SENO 13

8.4K 309 65
                                    

Sekarang memasuki jam istirahat. Semua murid sekolah menyibukkan diri ke kantin untuk jajan dan membeli makanan keinginan mereka. Terkecuali Neta.

Alih-alih mengisi perut, gadis itu memilih berdiam diri dalam perpustakaan. Selain menghindari Seno, ia juga tidak ingin bertemu orang-orang yang tentu akan menjulid-in dirinya.

Neta mengelilingi rak-rak yang berisi buku-buku disana. Berbagai macam jenis, mulai dari buku pengetahuan, novel, atau semacam buku resep makanan.

Mata gadis itu terus melirik beberapa buku, lalu terhenti di salah satu dan mengambilnya.
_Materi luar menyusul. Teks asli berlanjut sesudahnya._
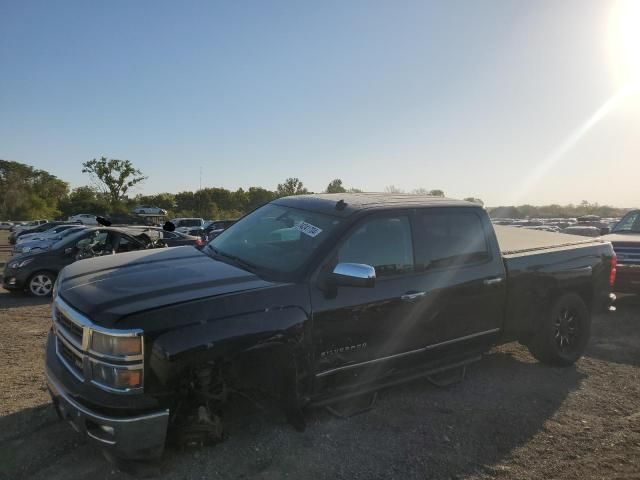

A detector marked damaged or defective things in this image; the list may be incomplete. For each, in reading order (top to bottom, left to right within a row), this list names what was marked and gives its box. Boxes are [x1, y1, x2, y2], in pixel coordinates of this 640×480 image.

crumpled hood [58, 248, 280, 326]
wrecked vehicle [43, 193, 616, 460]
damaged front bumper [46, 368, 170, 462]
Merasa tertarik, Neta segera membawa buku itu ke meja untuk ia baca.

Setelah mendudukkan dirinya, ia mulai membuka lembar demi lembar, membacanya dengan tenang tanpa ada gangguan.

Tapi tidak berlangsung lama. Semua orang yang awalnya berada di perpustakaan tiba-tiba mulai keluar dari tempat itu. Bahkan dari mereka ada yang baru datang dan langsung keluar begitu saja.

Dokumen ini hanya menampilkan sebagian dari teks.